Huxley, A. (1965). Brave New World (Harper Colophon ed.). New York, NY, USA: Harper and Row, Publishers.

A possible oversight

One area where Huxley may not have foreseen, fully, the danger in trying to control everything, especially according to Ford, is in resource use. There is no mention of recycling, but rather “the conscription of consumption” for the greater good and the maintenance of stability (Huxley, 1965, p. 37). The result is what seems to modern eyes massive, deliberate, and enforced waste of resources:

  • Any new game “requires at least as much apparatus as the most complicated of existing games” (Huxley, 1965, p. 21).
  • Everyone is conditioned, “So that they consume manufactured articles as well as transport.” (Huxley, 1965, p. 26),
  • Everyone is conditioned to repeat, “Ending is better than mending” (Huxley, 1965, p. 37)
  • Round-the-clock energy use abounds. For example, “Flood-lighted, its three hundred and twenty meters of white Carrara-surrogate gleamed with snowy incandescence “(Huxley, 1965, p. 61).

On the other hand, the population figure of two thousand million he mentions is less than a third of today’s actual estimate (Huxley, 1965, p. 26). Could he have imagined such a huge population as our planet carries today? Alternatively, did he indeed imagine it, and deliberately set a conservative limit on the crowding in his envisioned future? Societal stability is easier when everyone’s basic needs are met. Limited population growth would help make that possible.

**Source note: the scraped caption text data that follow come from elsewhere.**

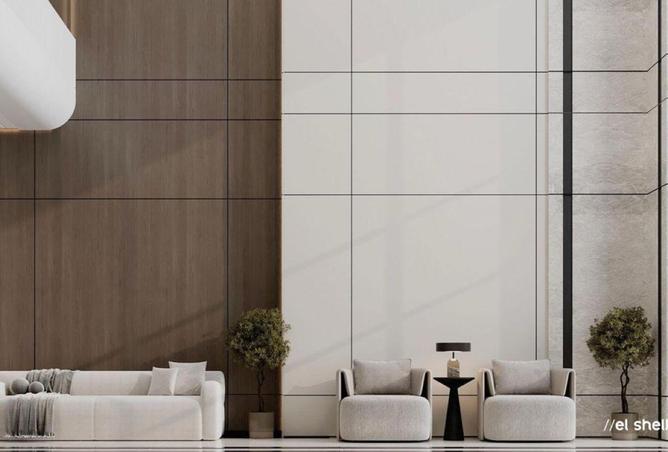 59235825 - الصورة الرئيسية للعقار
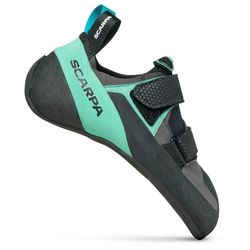 Scarpa Arpia V LV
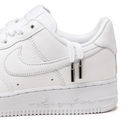 NOCTA x Air Force 1 Low "Certified Lover Boy"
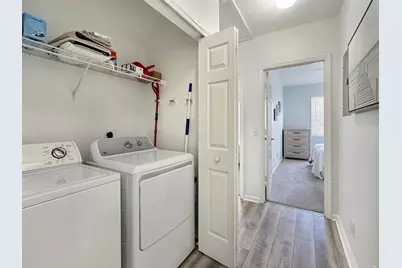 295 Grand Royale Circle #202, Vero Beach, FL 32962 - Photo 15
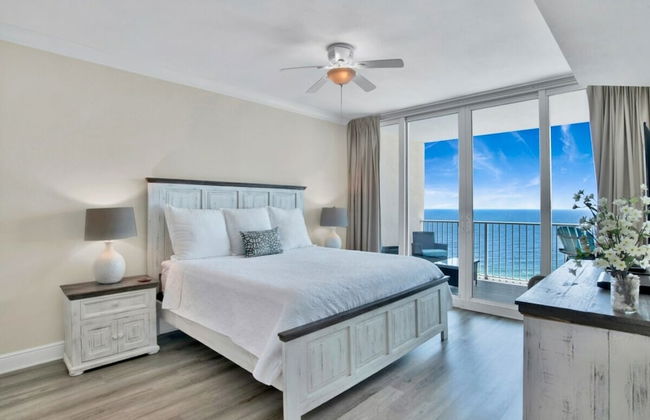 San Carlos Condos - Foto 72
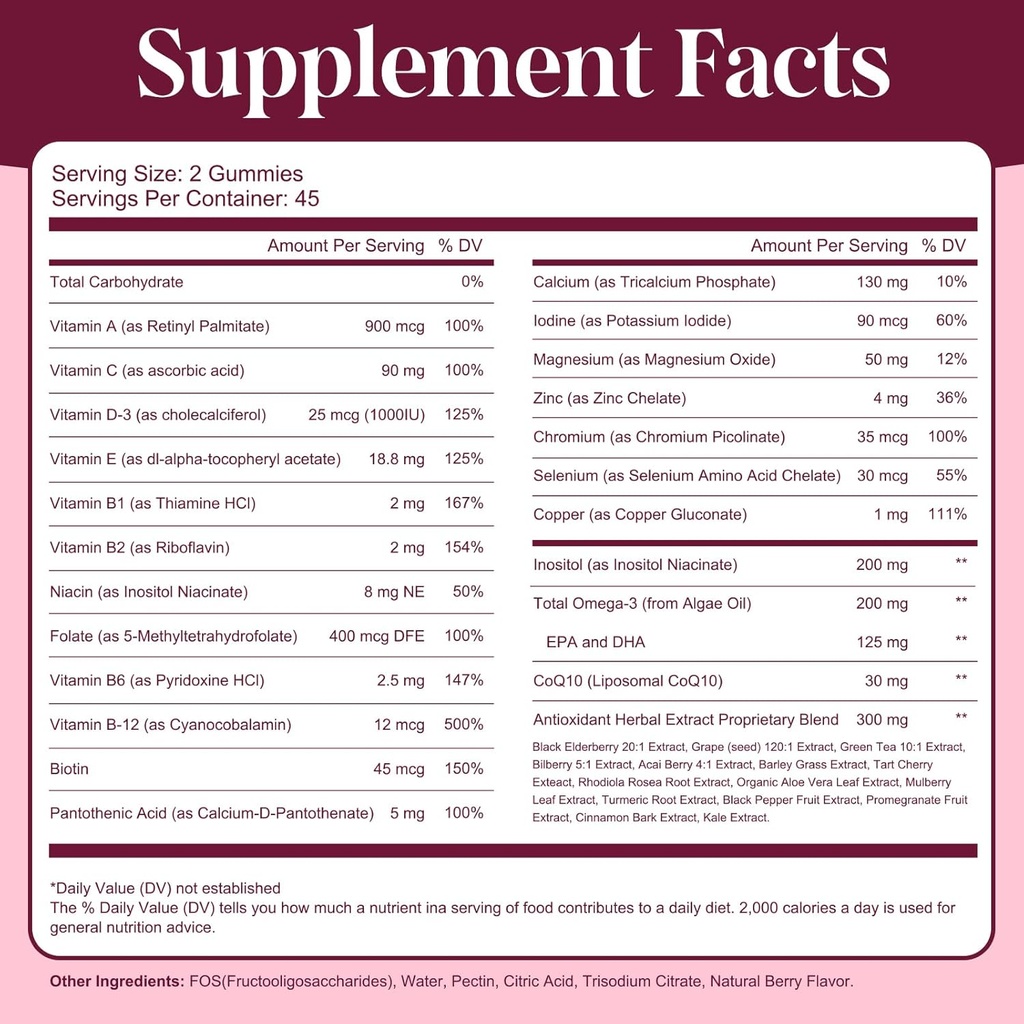 womens-multivitamin-gummies-hair-skin-na-2.jpg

This is especially true since scientific advances are suppressed in the New World. For a modern reader, the absence of any obvious mention of recycling (except for the phosphorous reclaimed from human corpses) stands out like a sore thumb. It is such a rare exception to the completeness and believability of Huxley’s New World.

Huxley has, in most other aspects, carefully thought out the design of the society that emerges post-Nine Years’ War, literally, from cradle to grave, and in all sectors of the globe. His foresight is uncanny: consider the television-like appliance that entertains a dying Linda, posited years before the widespread availability of television (Huxley, 1965, p. 153). Consider the anthrax bombs (remember 2001?) which he predicts would wipe out human resistance to massive, unprecedented control – how spookily prophetic he was! (Huxley, 1965, p. 175) Consider in-vitro fertilization, routine use of scent for mood control, synthetic music, and so many other examples of Huxley’s accurate prediction!

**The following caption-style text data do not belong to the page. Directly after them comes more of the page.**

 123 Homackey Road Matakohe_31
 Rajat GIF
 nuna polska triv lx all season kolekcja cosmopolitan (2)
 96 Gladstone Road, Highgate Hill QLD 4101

However, the development of petroleum-based synthetics in manufacturing had just recently begun in 1932, when the book first appeared. He seems to have been aware of cellulose acetate, a plant-based plastic invented in 1927 since this material appears prominently in Lenina’s wardrobe. He does not seem aware of the later, more petroleum-dependent plastic materials, which so revolutionized clothing, toys, and our whole way of living from the Second World War onwards (consider the role of nylon stockings!).

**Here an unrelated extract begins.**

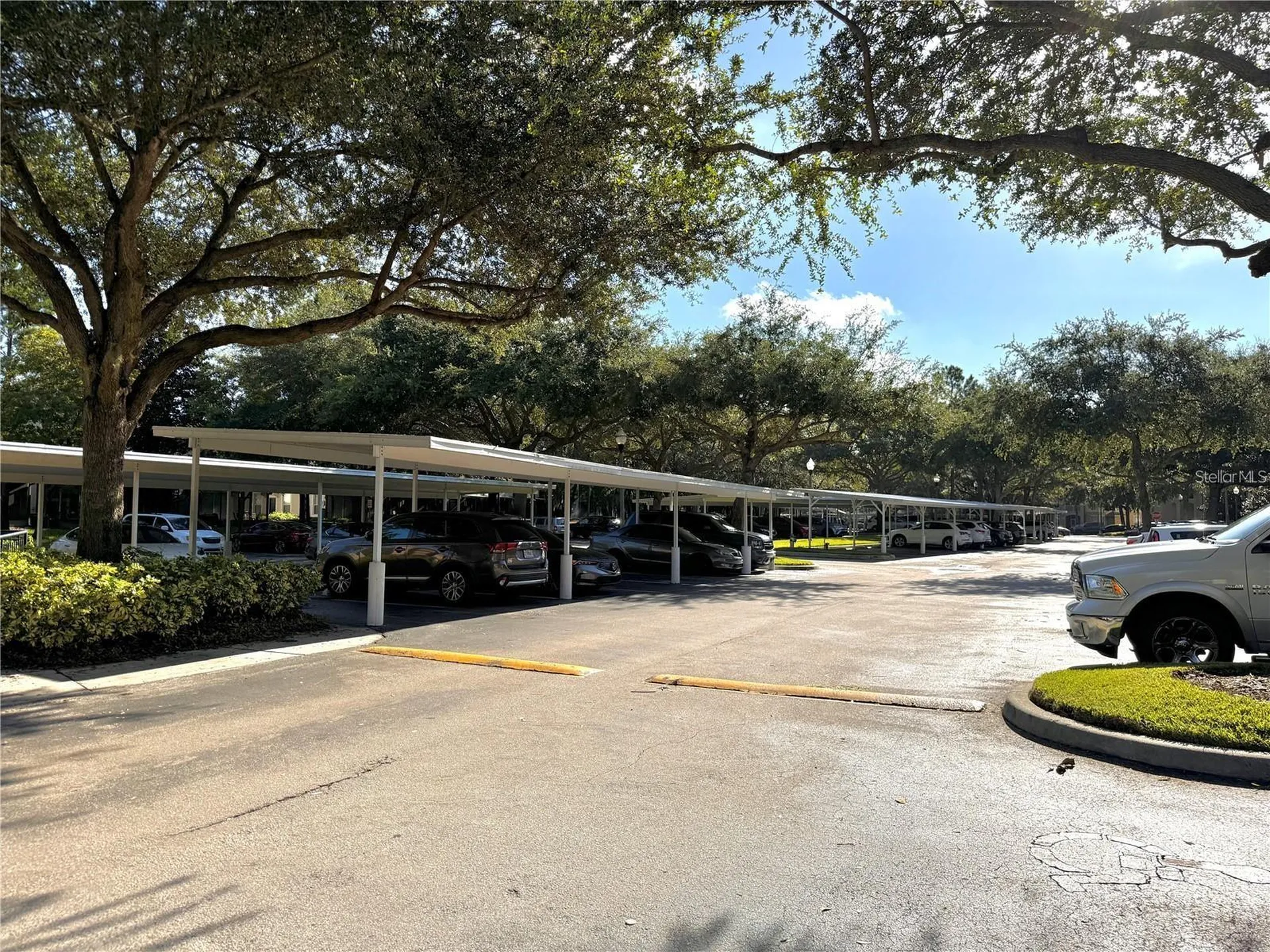 3190 Dante Drive Orlando FL 32835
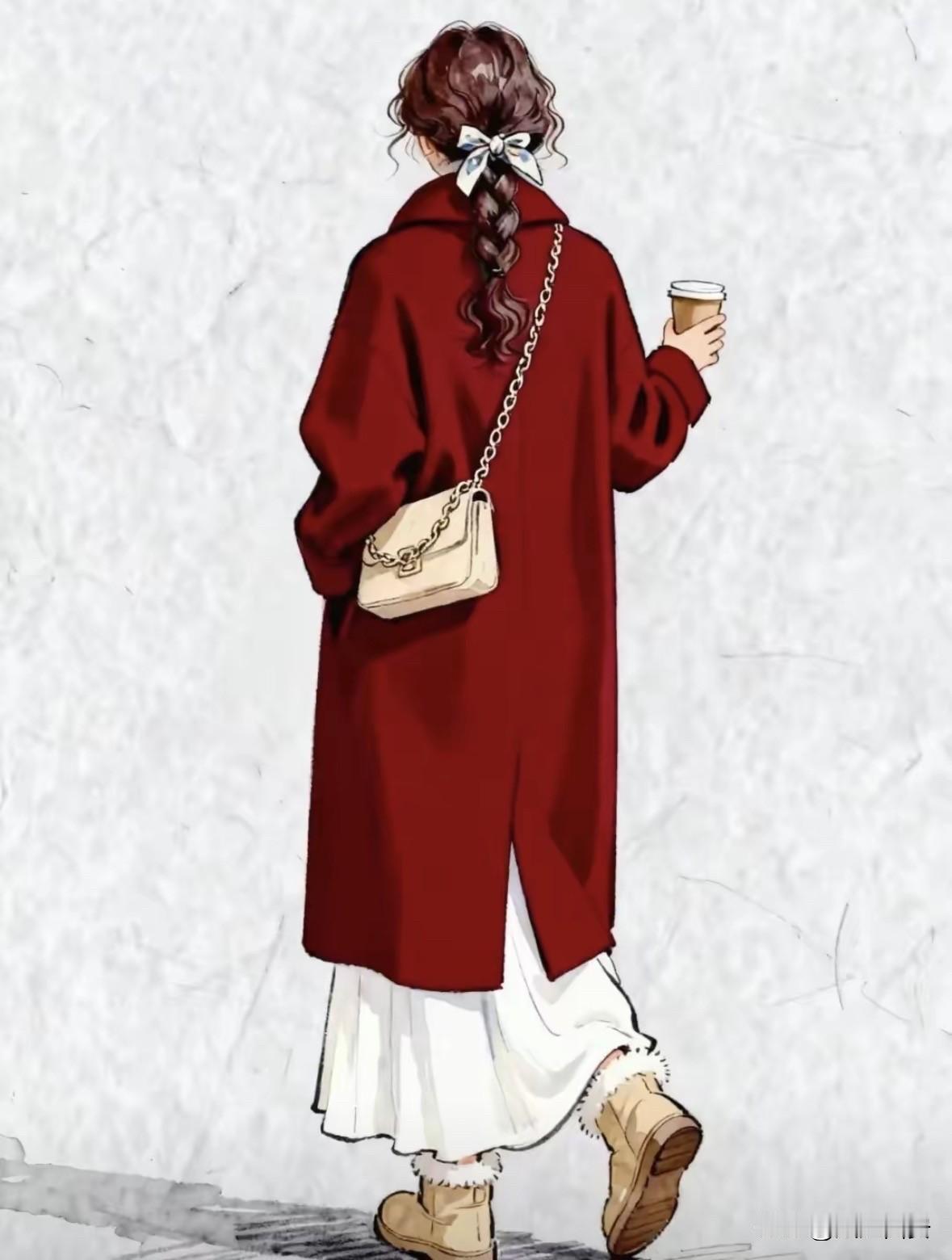 高维的认知，你知道多少？1.一个家庭最好的风水就是：每个人都会好好说话，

Perhaps he could not visualize the increasing pressure on petroleum used not only as fuel for transport, heating, and lighting but also for thousands of our daily objects. He has a small blind spot for this problem, it seems.

(It also may be that his imagined factory-style food production system is somewhat in conflict with what we now know about sustainable agriculture, but there is not enough detail to be sure. Interestingly, Mustapha Mond does not seem to be thinking of ecology when he says, “We could synthesize every morsel of food if we wanted to. But we don’t. We prefer to keep a third of the population on the land. For their sakes–because it takes longer to get food out of the land than out of a factory. Besides, we have the stability to think of.” (Huxley, 1965, p. 172))

However if the population is compelled to consume, what does this mean in light of the limitations on natural resources which we are so aware of today? If this is a blind spot for Huxley, it is a dangerous one. We use petroleum for fuel and as a substrate for manufacturing. We face, right now, major challenges in finding alternatives. It is difficult to imagine that a society so pushed to consume, as is the New World, would survive for long without some organized re-use of materials. This draws attention to a very small oversight in the lovingly (if terrifyingly) detailed world he outlined.